Mountains scratch the horizon, indigo now in this standing sun. If I squint I can almost imagine I’m in another place, farther west and familiar, where a fierce range of peaks form the outskirts of the Ring of Fire – and the way the sun hits the crests could be snowcaps on my capped volcano. This terrain, this taste of encompassing mountains, blankets of evergreens, was among the strongest reasons why I came to this college. I was drawn to this view, of all things, this place which reminded me of a childhood home I left behind. Now, I open wide my eyes and know these hills called Appalachia are not my Rockies. But I breathe this honeydew air and am glad of it.
Leaning back, I lay on the pebbled grass and pray the ants have marched away. That blue sheet stretches taunt overhead. I imagine the sky as a mineral, one direction of cleavage, glassy luster. Could I scratch my fingernail along the sky’s surface, or would its hardness carve glass? I lift my arms above my head and let my hair loose.
Behind me and above where I cannot see is the parking lot for the collection of red roofed, white plaster houses which form the Retreat. A friend of mine has been known to park there at night to watch the stars and howl at the moon. There are two creatures I know who do this: wolves and humans. Canines do so in order to proclaim their presence, a beckoning to their pack, a warning to their foes. Humans howl to release, as if the moon exists only to gather our cries and scatter them across the biotite sky. I imagine millions of relieved anxieties combusting into pinpoints of starlight. Truly, I am not here to howl. I have come at the wrong time, and the sun stands to slant into my eyes and burn, burn, burn. The light has its own means of sanctification, and I bathe in its violent blaze.
As I raise myself to my palms again, I notice the group of students watching me on the hill. They swing their legs over the grassy lip, casting sideways glances toward me in my yellow weed patch, failing to hide the impatience to claim my spot. I stare easily at them as I would an amber-eyed wolf, awash with tranquility. One girl, copper skinned and head shaved, wears a blouse as bright a yellow as the flowers I sit on. The rest of the students seem enveloped in their own yapping voices, but she smiles at the vast view, the scratched mountains, the duck lined lake, enraptured by the wholeness of it. She leans forward, hands pressed to the earth, as if she caught the honeydew aroma at the end of her nose.

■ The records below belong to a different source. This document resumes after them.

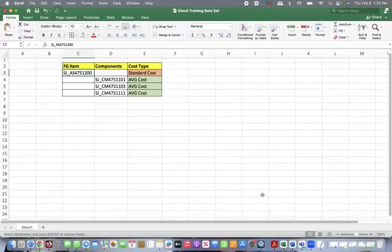Hello everyone, this is Subramanyam Jayram (Subhu). Today we're going to see the Hybrid Cost Method in Oracle Cloud. The hybrid cost method is when the finished good or final assembly is in one cost method, while all the components consumed to complete the finished good are in a different cost method. In this scenario, I have the FG item (final assembly) as a standard cost, and all the components are in the actual cost method.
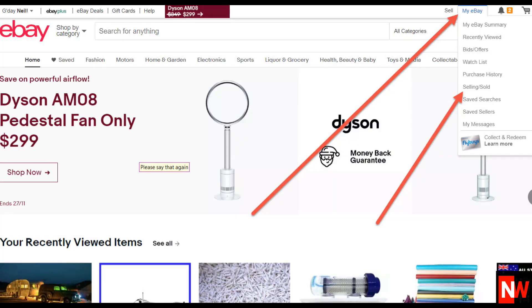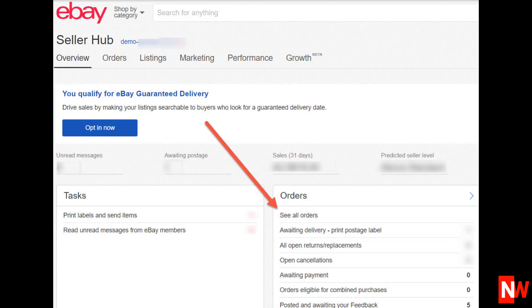First, go to the top right on any page on eBay and click on My eBay. Then scroll down and select Selling Sold. Then click on See All Orders.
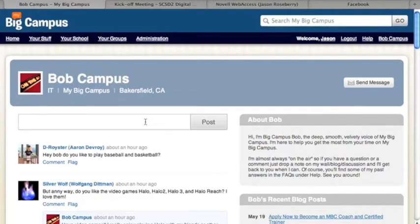They're very good about logging these suggestions, and we've gotten to know some of their IT people as well. We know that they're very much looking for teachers' opinions and ideas to keep making My Big Campus even better. So that is what you need to know about Bob Campus.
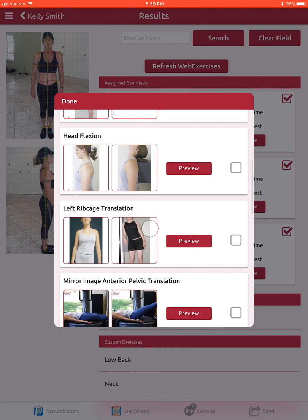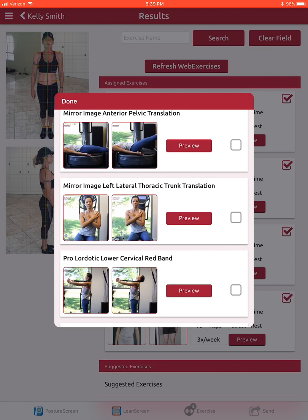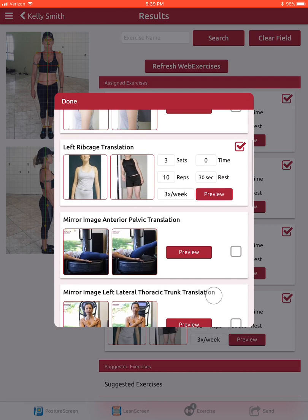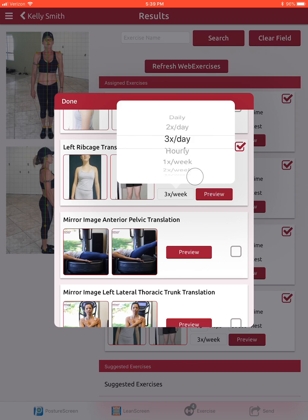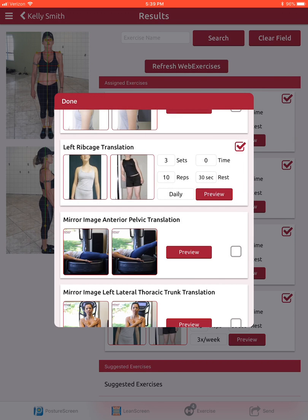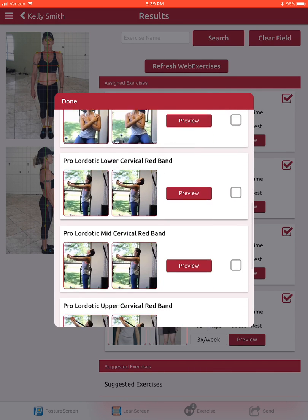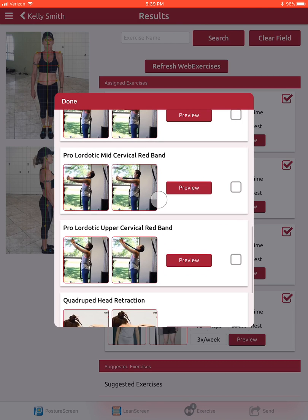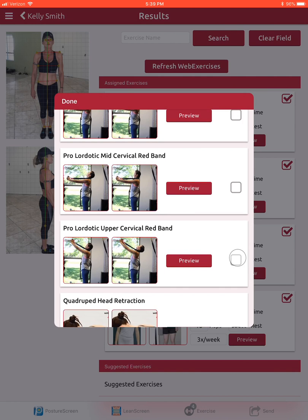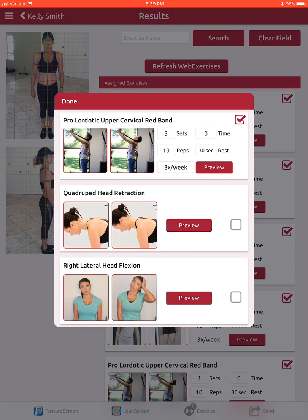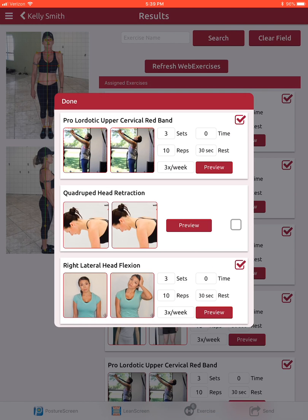Since they have a trunk shift to the left, we're going to do a corrective exercise to the right and have them do this daily. We'll also add a pro-lordotic exercise as well as an exercise for the lateral head flexion.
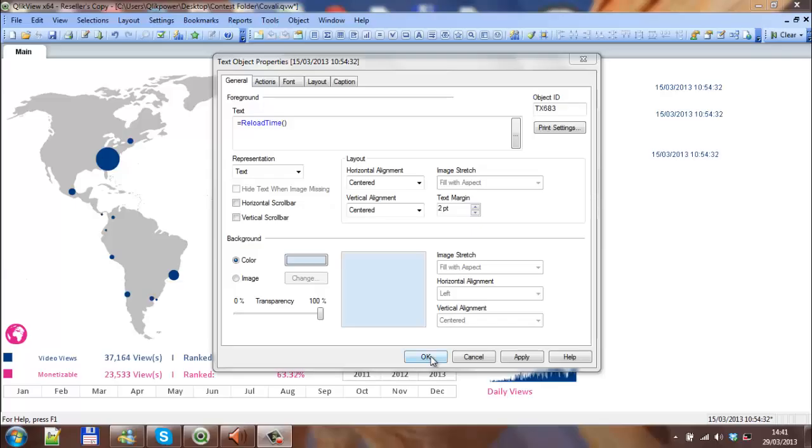Hi folks, in this video I'm going to show you how to use the date and time function with the reload time.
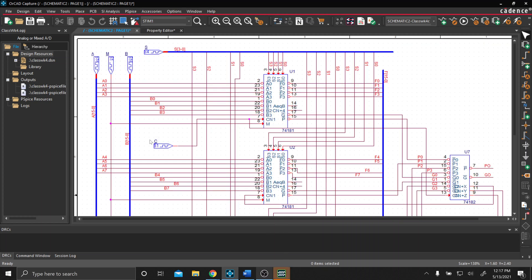We also have our C-Stim over here, which is our selection between either having a 1 as a carry-in or 0 as a carry-in.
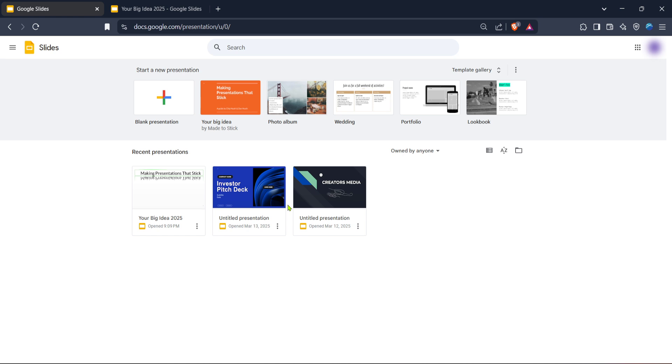First, you'll need to head over to Google Slides. Open your preferred web browser and type in the URL for Google Slides. Once you're there, make sure that you're signed into your Google account. If you're not, go ahead and sign in.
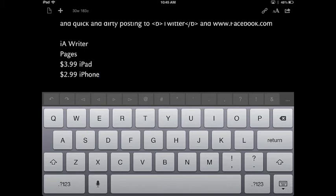But if you want to use Drafts for iPad, it'll be $3.99, I believe it is, and $2.99 for the iPhone version. Unfortunately, there aren't two different versions.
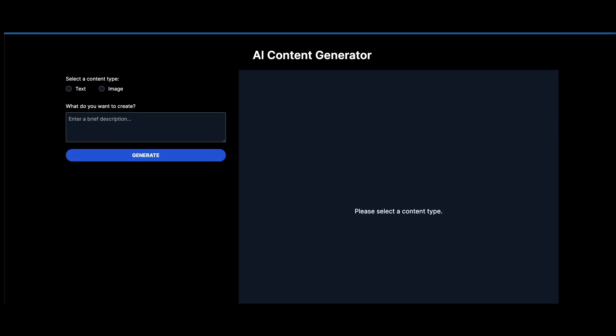We're going to be using Next.js to build our front-end application, as well as Tailwind CSS for styling. And we're going to be using the OpenAI GPT-4 and DALL-E 3 versions to generate text and images respectively. These are the newest versions as of the time of this video, so by the time you see this, these versions may be updated again.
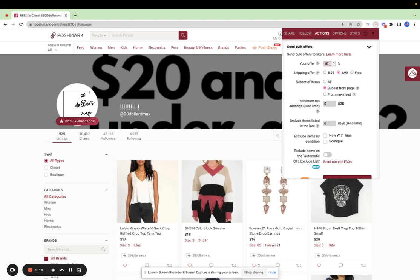Here you can enter the percent off your listing price that you would like to offer. You can also establish a shipping discount. The amount that you select here is the amount that the buyer will pay, and you would pay the difference. So if you'd like to offer $4.99 shipping, you can select that.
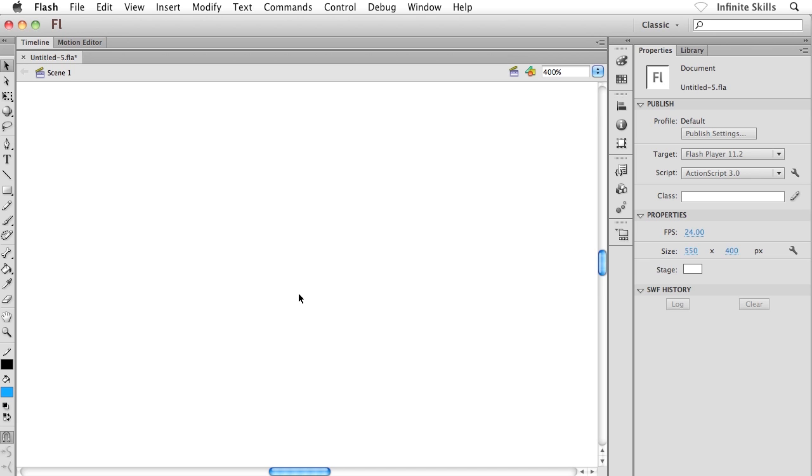But once it's turned on, it's going to be turned on forever for all of your tools until you turn it off. So you may as well just turn it on and forget about it, and then we can all just live happier lives. Here's what I'm going to do.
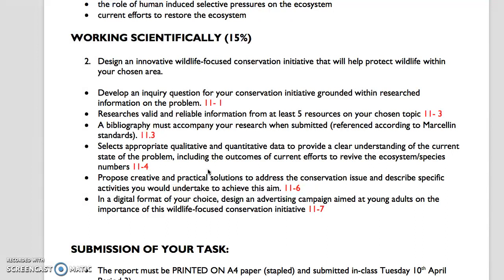The next two parts are the majority of this task. Outcomes 11.6 and 11.7 are the majority of this task. It wants you to find creative and practical solutions to address the conservation issue and describe specific activities you would undertake to achieve this aim. This is the idea we were looking at yesterday — to find things that break through. Ideas that are achievable and can be funded. If it's something that will never likely get off the ground because no one will ever fund it, then it's not going to be practical. The mobile phone recycling is a good example — how do you creatively get it out to the people? It's practical because those phones would otherwise go into landfill.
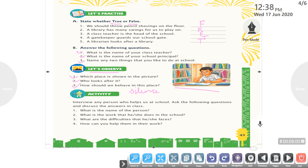How should we behave in this place? We should maintain silence. This lesson is complete. Thank you, this is the end of the lesson.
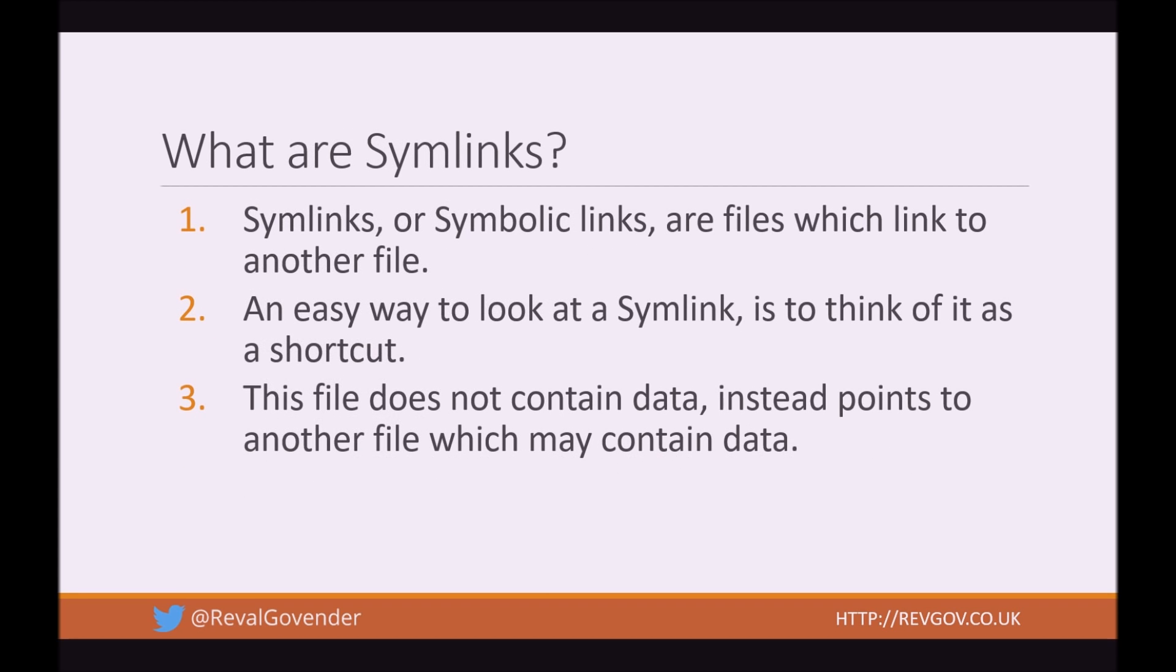So what are Symlinks? Symlinks, or symbolic links, are files which link to another file. An easy way to look at a Symlink is to think of it as a shortcut. This file does not contain data. Instead, it points to another file which may contain data.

An ant winds up my jeans. Gently, I brush it off onto the pebbled dirt where it squirms in a panic before trailing for my foot again. I stand and let the sun glare blindly into my face as I regain feeling in my tingling limbs. The sky before me is turning lemon, a stripe between the skyline and the sun. I find the path again and ascend, passing the group of side-eyed students who have respectfully waited for me to completely take leave of their desired spot.
At the hill’s crest, I watch them wash down onto my flower patch, alight with laughter and snapshots, running toward the plateau’s edge. A long finger of shadow has sliced over my toes, a cool slash across my heel. I watch the bald, yellow-bloused girl gambol over the blossoms like she knows she belongs between them and the sun.